• **TASK BRIEF**:
Please state how many lines in the records below contain the word "Office"; the answer should be a number and nothing else.

• **INFORMATION SHOWN**:

========

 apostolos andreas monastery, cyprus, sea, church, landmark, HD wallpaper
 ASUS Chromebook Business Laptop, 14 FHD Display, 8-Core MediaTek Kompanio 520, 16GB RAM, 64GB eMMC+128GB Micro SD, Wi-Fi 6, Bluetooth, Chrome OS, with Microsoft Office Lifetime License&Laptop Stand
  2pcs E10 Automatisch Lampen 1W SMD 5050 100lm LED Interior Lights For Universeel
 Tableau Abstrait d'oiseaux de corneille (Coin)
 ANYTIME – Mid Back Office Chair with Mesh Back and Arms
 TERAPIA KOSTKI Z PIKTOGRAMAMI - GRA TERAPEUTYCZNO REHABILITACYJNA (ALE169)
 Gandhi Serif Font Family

========

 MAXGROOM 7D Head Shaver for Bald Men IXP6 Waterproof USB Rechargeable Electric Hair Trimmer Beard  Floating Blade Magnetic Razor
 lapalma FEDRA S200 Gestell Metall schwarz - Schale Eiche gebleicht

========

• **RESULT OF THIS TASK**:
2